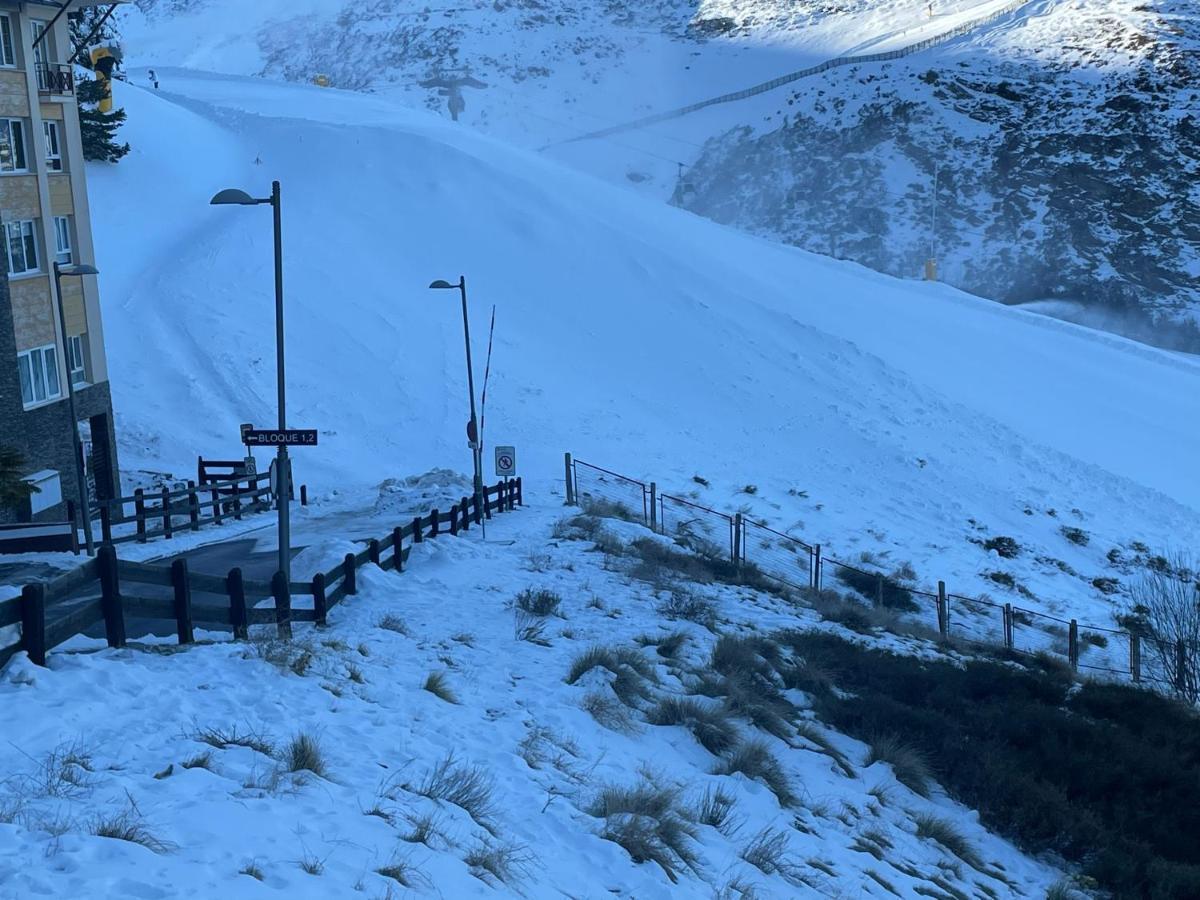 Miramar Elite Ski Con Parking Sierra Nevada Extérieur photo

* * *

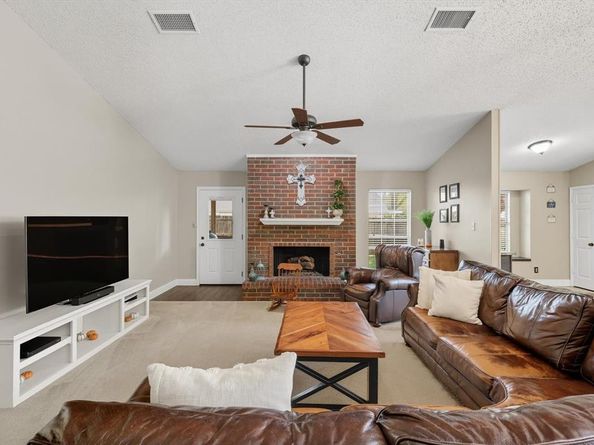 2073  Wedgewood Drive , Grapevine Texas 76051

* * *

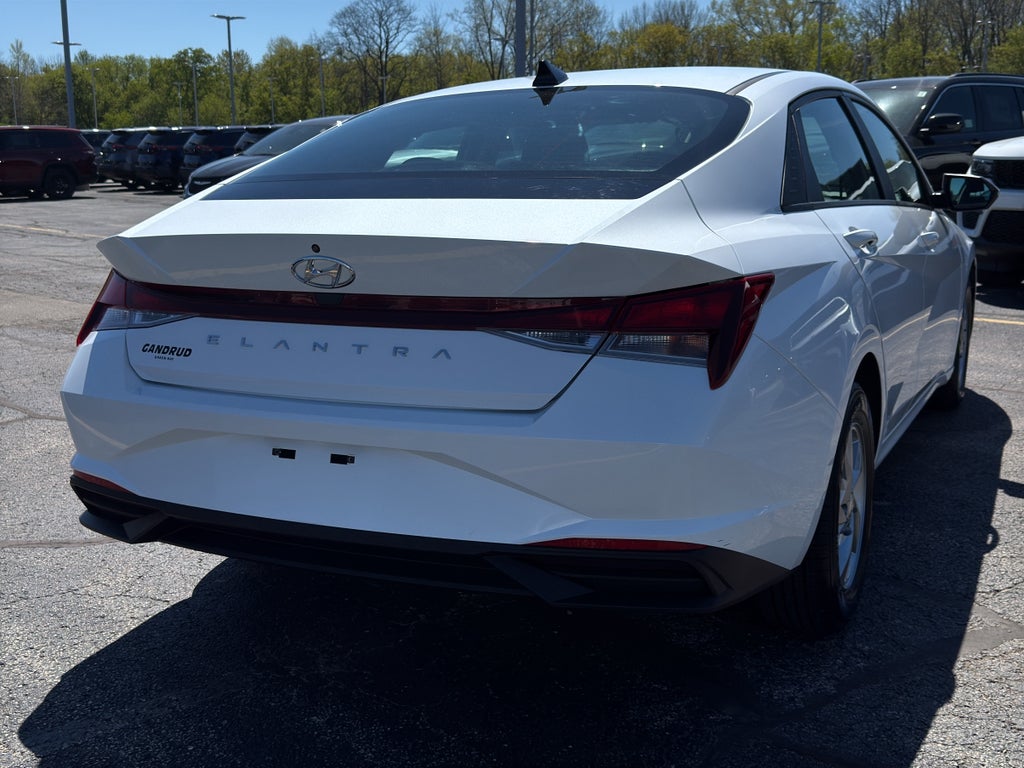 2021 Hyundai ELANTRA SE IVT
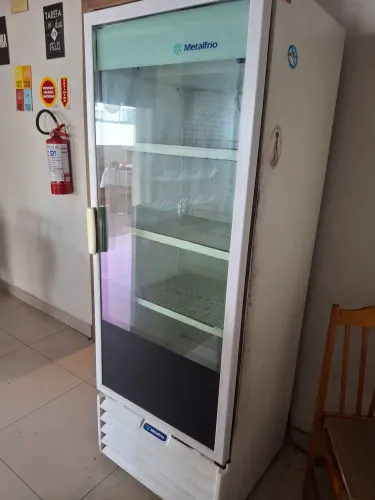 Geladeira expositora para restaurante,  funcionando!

Required work:
The reply should hold the entries above from the line with "2021 Hyundai ELANTRA SE IVT" to the line with "Geladeira expositora para", duplicated exactly, pictures excluded.

Exercise output:
 2021 Hyundai ELANTRA SE IVT
 Geladeira expositora para restaurante,  funcionando!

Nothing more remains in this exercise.